Charges filed after the TV interview
Authorities say the defendant faces a mix of felony and misdemeanor counts tied to the Grant Park cross burning. Police statements summarize the case as four felonies and four misdemeanors, including felony arson and hate‑crime allegations as well as counts for burning a cross to intimidate, reckless conduct, and criminal damage to property. Federal and state resources have been notified while investigators sort out whether the conduct meets the legal elements of a hate crime.
What the suspect told reporters
In the NBC interview, the man acknowledged he knew a burning cross carries a racist, Klan‑era meaning, yet insisted his intent was not racist. He framed the stunt as a political protest aimed at President Donald Trump, the “ruling class,” and so‑called Christian nationalists. That explanation strains credulity. If you want to oppose political movements, there are better ways than invoking a burning cross — a symbol Americans rightly associate with terror and racial intimidation.
Why the community reacted — and why it matters
Faith leaders and many Chicago residents were alarmed, and city leaders rightly stressed the harm the act caused. Mayor Brandon Johnson has urged officials to focus on the impact on the community while investigators weigh motive against the law. The historical symbolism of cross burning explains the reaction: symbols matter. Conservatives can and should defend free speech, but speech that crosses into targeted intimidation and arson is not protest — it’s a crime that must be treated seriously.
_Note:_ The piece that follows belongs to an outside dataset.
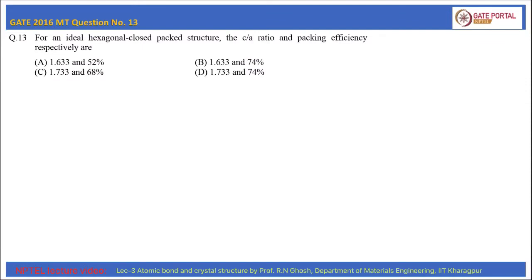This is question number 13 of GATE 2016 MT. For an ideal hexagonal close-packed structure, the c/a ratio and the packing efficiency respectively are: option A: 1.633 and 52%, option B: 1.633 and 74%, option C: 1.733 and 68%, and option D: 1.733 and 74%. Now let us solve this question.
The legal road ahead and the demand for fair enforcement
A detention hearing and further court filings will clarify how prosecutors proceed. The case raises familiar tensions: hold people accountable for crimes like arson and intimidation, but don’t let headline‑grabbing politics short‑circuit due process. If the evidence shows a hate crime, the law should be applied. If it does not, courts should say so. Either way, the city needs consistent enforcement, not performative outrage or partisan scoring. Chicago deserves both safety and a justice system that follows facts instead of narratives.